WORK ITEM: Please return every line in the entries below with the word "image" in it.

---------- INPUT RECORDS ----------

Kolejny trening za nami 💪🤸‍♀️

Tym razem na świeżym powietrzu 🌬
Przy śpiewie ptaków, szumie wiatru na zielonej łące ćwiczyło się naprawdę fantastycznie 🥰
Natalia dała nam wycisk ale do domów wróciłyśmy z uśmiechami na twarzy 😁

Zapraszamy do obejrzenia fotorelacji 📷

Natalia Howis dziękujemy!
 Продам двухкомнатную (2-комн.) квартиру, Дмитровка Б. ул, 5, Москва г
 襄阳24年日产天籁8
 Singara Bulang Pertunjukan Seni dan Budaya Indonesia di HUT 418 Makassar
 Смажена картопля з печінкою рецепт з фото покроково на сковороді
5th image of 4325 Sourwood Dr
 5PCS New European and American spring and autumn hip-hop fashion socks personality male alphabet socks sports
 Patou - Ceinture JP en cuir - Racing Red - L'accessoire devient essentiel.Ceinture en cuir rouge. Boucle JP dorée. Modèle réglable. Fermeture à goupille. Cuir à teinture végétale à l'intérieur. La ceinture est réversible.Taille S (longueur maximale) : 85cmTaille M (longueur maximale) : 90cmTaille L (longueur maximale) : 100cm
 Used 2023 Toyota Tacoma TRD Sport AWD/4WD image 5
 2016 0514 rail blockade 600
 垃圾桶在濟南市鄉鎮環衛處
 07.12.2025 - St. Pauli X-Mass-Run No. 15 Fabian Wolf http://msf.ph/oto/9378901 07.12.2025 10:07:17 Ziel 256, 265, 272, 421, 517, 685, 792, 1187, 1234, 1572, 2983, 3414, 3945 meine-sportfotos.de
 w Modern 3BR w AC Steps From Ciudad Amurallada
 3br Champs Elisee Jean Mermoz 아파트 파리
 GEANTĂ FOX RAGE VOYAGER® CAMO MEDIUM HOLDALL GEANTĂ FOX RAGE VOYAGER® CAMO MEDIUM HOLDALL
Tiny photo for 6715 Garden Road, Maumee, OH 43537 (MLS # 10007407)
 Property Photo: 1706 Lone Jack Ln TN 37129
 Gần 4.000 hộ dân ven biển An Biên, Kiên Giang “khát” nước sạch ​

----------

ANSWER SPACE:
5th image of 4325 Sourwood Dr
 Used 2023 Toyota Tacoma TRD Sport AWD/4WD image 5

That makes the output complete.